First, generate in investment file (uoo=hhxivarxinvest), and load in windowed stats file (uoo=hhxivarxinvestxvarxwin) 12 month as 1 month window versions.
# 1 month window file, changes in capital-assets themselves (as well as cash/debt)
df_invwin_uniq_fw1bw1 <- PrjThaiHFID::ff_hfid_invest_window(
df_invdates_uniq = tstm_invdates_uniq,
it_window_forward = 1,
it_window_backward = 1,
bl_forward_include_imth = FALSE,
bl_backward_include_imth = FALSE
)
# 12 month window file
df_invwin_uniq_fw12bw12 <- PrjThaiHFID::ff_hfid_invest_window(
df_invdates_uniq = tstm_invdates_uniq,
it_window_forward = 12,
it_window_backward = 12,
bl_forward_include_imth = FALSE,
bl_backward_include_imth = FALSE
)
Second, generate mean and sum stats, short and long, respectively.
# Either sum or mean, not both
# 1 month window file, mean
df_invest_winstats_fw1bw1_mean <- PrjThaiHFID::ff_hfid_invest_winstats(
df_asset_loan = tstm_asset_loan,
df_invest = tstm_invest,
df_invwin_uniq = df_invwin_uniq_fw1bw1,
bl_compute_sum = FALSE,
bl_compute_mean = TRUE
)
# 12 month window file, sum
df_invest_winstats_fw12bw12_sum <- PrjThaiHFID::ff_hfid_invest_winstats(
df_asset_loan = tstm_asset_loan,
df_invest = tstm_invest,
df_invwin_uniq = df_invwin_uniq_fw12bw12,
bl_compute_sum = TRUE,
bl_compute_mean = FALSE
)
Third, combine output to list.
# Sets of windowed files
ls_df_invest_winstats_fwbw <- list(
# Compare against backward window capital assets
fw1bw1mean_back = df_invest_winstats_fw1bw1_mean,
# Compare against backward window revenue sums
fw12bw12sum_back = df_invest_winstats_fw12bw12_sum
)
ar_svr_window_comp <- c("win_backward", "win_backward")
# Get length and names
it_df_count <- length(ls_df_invest_winstats_fwbw)

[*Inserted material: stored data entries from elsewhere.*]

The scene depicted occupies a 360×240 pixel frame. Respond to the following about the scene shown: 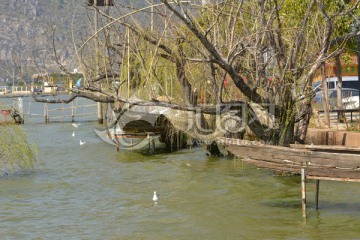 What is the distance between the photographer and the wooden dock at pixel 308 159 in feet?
38.9

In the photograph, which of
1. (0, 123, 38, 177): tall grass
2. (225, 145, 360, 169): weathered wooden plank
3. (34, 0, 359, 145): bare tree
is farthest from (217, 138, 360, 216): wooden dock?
(0, 123, 38, 177): tall grass

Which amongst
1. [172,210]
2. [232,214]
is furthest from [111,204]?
[232,214]

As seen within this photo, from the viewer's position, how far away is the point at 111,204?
51.5 feet

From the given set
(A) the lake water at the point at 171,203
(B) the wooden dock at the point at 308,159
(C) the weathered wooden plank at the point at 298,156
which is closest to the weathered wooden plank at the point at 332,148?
(B) the wooden dock at the point at 308,159

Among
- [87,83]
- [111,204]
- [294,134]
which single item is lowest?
[111,204]

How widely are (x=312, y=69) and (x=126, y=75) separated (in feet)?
21.3

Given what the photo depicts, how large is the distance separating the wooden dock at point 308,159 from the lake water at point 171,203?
3.01ft

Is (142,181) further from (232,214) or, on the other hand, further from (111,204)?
(232,214)

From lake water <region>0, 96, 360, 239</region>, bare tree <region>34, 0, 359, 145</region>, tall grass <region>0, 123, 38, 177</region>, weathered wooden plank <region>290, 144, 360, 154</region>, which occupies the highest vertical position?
bare tree <region>34, 0, 359, 145</region>

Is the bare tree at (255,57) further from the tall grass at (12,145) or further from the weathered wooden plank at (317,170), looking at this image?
the weathered wooden plank at (317,170)

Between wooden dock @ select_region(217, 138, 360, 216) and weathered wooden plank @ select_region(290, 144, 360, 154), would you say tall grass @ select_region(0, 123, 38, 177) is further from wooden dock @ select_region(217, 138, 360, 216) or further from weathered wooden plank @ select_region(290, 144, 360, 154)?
weathered wooden plank @ select_region(290, 144, 360, 154)

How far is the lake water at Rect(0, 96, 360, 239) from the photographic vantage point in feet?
42.0

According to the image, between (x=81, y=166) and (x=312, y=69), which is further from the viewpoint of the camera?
(x=81, y=166)

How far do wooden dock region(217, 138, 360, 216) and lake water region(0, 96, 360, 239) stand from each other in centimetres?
92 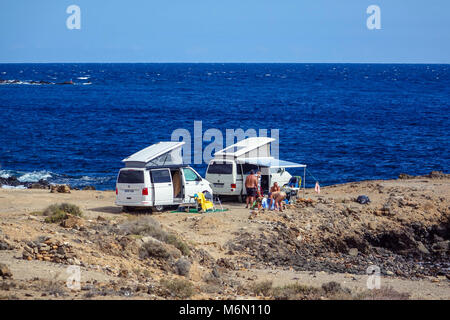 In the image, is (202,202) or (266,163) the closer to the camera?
(202,202)

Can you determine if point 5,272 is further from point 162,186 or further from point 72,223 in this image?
point 162,186

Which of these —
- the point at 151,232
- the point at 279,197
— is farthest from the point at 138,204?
the point at 279,197

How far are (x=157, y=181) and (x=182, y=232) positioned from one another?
304 cm

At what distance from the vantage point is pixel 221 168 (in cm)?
2530

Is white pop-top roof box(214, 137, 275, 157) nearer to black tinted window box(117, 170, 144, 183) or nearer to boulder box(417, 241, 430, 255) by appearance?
black tinted window box(117, 170, 144, 183)

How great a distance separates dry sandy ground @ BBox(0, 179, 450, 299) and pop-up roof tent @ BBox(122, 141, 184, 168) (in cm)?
186

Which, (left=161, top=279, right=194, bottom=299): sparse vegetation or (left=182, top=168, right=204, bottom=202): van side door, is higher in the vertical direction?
(left=182, top=168, right=204, bottom=202): van side door

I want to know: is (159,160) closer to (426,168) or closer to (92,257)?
(92,257)

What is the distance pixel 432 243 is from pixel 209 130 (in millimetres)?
44021

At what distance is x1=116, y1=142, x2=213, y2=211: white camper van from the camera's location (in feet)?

ar_st_df_names <- names(ls_df_invest_winstats_fwbw)
Generate stats step 1, run window functions
Compute percentages.
- 12 month file: For revenue stats, based on 12 month file compute ratios of investments relative to last 12 months sum.
- 1 month file: Ratios of invest size var versus asset var. Stack 12 month and 1month files together
# Storage collection
ls_invest_win_shr <- vector(mode = "list", length = it_df_count)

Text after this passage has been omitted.